Small car Nano gave Mamata big political boost
Trinamool Congress chief Mamata Banerjee admitted on Friday that the CPI(M)-led Left Front government’s botched attempt to acquire 1,000 acres for the Tata Nano factory in Singur proved a turning point for her party and gave her the stick to beat the communists with. Arnab Mitra reports.delhi Updated: Apr 23, 2011 15:10 IST
Trinamool Congress chief Mamata Banerjee admitted on Friday that the CPI(M)-led Left Front government’s botched attempt to acquire 1,000 acres for the Tata Nano factory in Singur proved a turning point for her party and gave her the stick to beat the communists with.
“It exposed the Left’s thinking on land acquisition. They wanted to snatch land using guns, bullets and force,” she told Hindustan Times. She was, however, quick to add that her emergence as a major political force meant little to her, personally. “My whole focus is to be with the people,” she said.
Refuting charges that she had neglected her duties as railway minister by spending most of her time in West Bengal, Banerjee said that modern technology had completely removed the distance barrier.
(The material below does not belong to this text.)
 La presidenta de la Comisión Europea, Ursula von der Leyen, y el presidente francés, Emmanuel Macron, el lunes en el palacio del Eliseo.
“Telephones, teleconferencing and the internet helps me remain in touch with my officials from anywhere in the state,” she added.
Banerjee took pains to dispel the perception that her party was anti-industry. “We are pro-industry. Agriculture and industry can both co-exist. We will scientifically create a land map for every district and clearly mark agricultural land and industrial land,” she said.
According to her, such a move will help her set up industrial clusters that will generate employment.
Criticising the Left for following “a policy of violence and loot”, Banerjee accused the Buddhadeb Bhattacharjee government of saying “no” to everything positive.
She recalled her days at Jogmaya Debi College where she was elected unopposed twice. “That experience taught me the basics of politics,” she added.
Banerjee, in spite of her hectic schedule, remains deeply attached to her family. She acknowledged the influence of her father who died when she was still in her teens. “He inspired me to retain a humanitarian outlook,” she said.
After the death of her father, Banerjee’s mother took care of the family. In a touching show of affection, she said, “My mother and I still live together in our house in Kalighat. Even now, whenever I go out, I take her blessings.”